— Dataset extract —

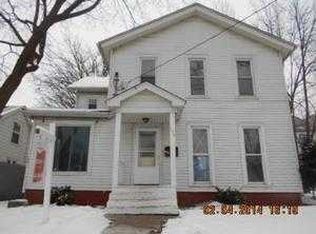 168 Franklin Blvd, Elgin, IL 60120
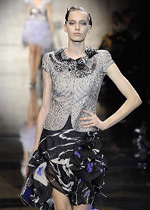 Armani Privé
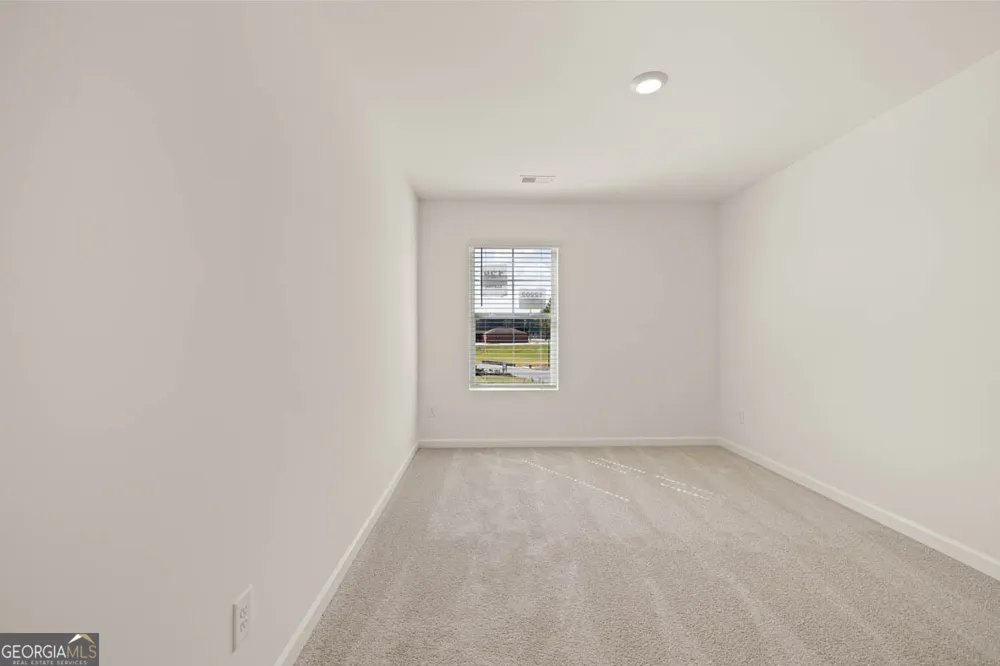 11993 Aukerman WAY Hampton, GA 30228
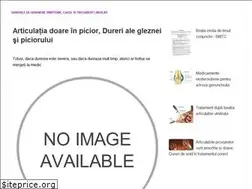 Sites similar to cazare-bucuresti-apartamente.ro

— What to work on —
Only the pictures are to be left out, and all of the data must otherwise be transcribed exactly.

— Answer area —
 168 Franklin Blvd, Elgin, IL 60120
 Armani Privé
 11993 Aukerman WAY Hampton, GA 30228
 Sites similar to cazare-bucuresti-apartamente.ro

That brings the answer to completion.